In the complex and dynamic world of banking, having a robust profitability model is essential. It provides a clear understanding of revenue streams, cost drivers, and the overall financial health of the organization. 

To make better decisions, banks need a clear, trusted view of where value is create and where it’s lost. A profitability model provides exactly that. In this guide, we walk you through eight practical steps to design a profitable model for banks that is accurate, transparent, and effective.

Step 1: Define Your Goals

Before you begin, it’s crucial to determine what you want to achieve with your profitability model. Are you seeking a monthly view of profitability per client, product type, branch, or channel? Do you want it on a monthly, quarterly, or yearly basis? Defining your goals will guide the design and implementation of your model.

Step 2: Design the Model

Once you have a clear goal in mind, you can start designing the model. This step involves creating a cause-and-effect relationship to understand how different factors affect profitability. It’s best to start this process on paper before moving to digital tools.

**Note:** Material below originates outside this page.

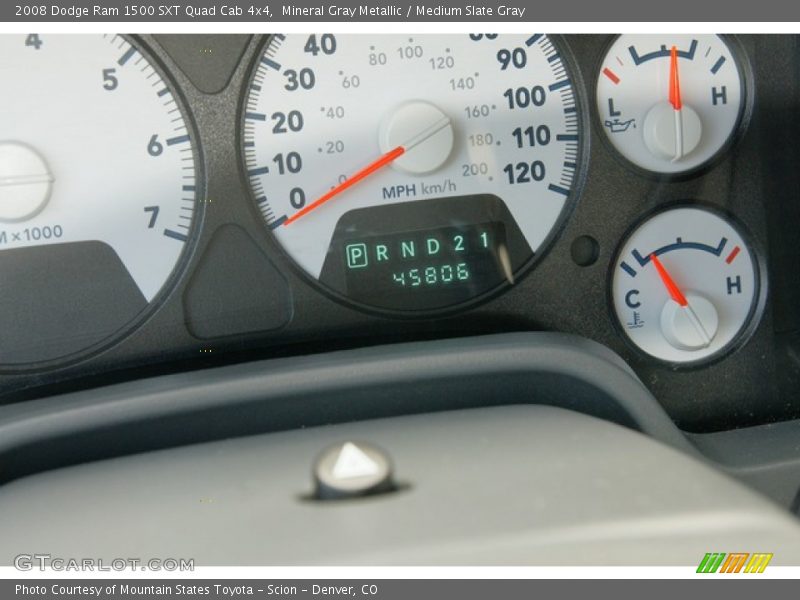 Mineral Gray Metallic / Medium Slate Gray 2008 Dodge Ram 1500 SXT Quad Cab 4x4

Step 3: Design Your Data Model

After designing your model, the next step is to figure out the data you need to support it. This involves identifying the data sources, how often they’re updated, and how to extract the data. You’ll need to map your design model to your data to ensure that you have all the necessary information.

Step 4: Start Modeling

With your data and design model ready, you can start building your profitability model using a tool. Avoid using Excel as it can lead to confusion and lack of transparency. Instead, use a dedicated tool like CostPerform or any other that suits your needs.

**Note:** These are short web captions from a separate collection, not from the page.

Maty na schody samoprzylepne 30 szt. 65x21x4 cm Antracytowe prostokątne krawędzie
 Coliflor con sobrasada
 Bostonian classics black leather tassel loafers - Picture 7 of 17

Step 5: Validate Your Outcomes

After building the model, you’ll have some outcomes. It’s crucial to validate these outcomes to ensure that your design was correct. This step involves an iterative process of checking the results, revising the design, and re-running the model.

Step 6: Build Your Reports

Once your outcomes are validated, you can start building reports. These reports should present the data in a clear and understandable format for those who will be using them.

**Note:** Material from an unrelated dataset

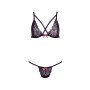 Conjunto de Lingerie Barely Bare Preto (Tamanho único) de Barely Bare, Cuequinhas e tangas - Ref: S9404629, Preço: 24,99 €, D...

Step 7: Automate the Process

To save time and effort, automate as much of the process as possible. This includes data inflow, creation of new months, and report building. Your profitability model tool should be able to assist with this automation.

Step 8: Document Everything

Lastly, document every step of the process. This ensures that if you’re unable to continue with the project, someone else can pick up where you left off. Documentation also serves as a valuable reference for future model building.

A well-built profitability model turns data into decisions, and decisions into stronger results. By following these eight steps, you’ll create a model your teams can trust and act on – driving better margins, smarter resource use, and lasting performance. 

Contact us to learn more or request a demo below.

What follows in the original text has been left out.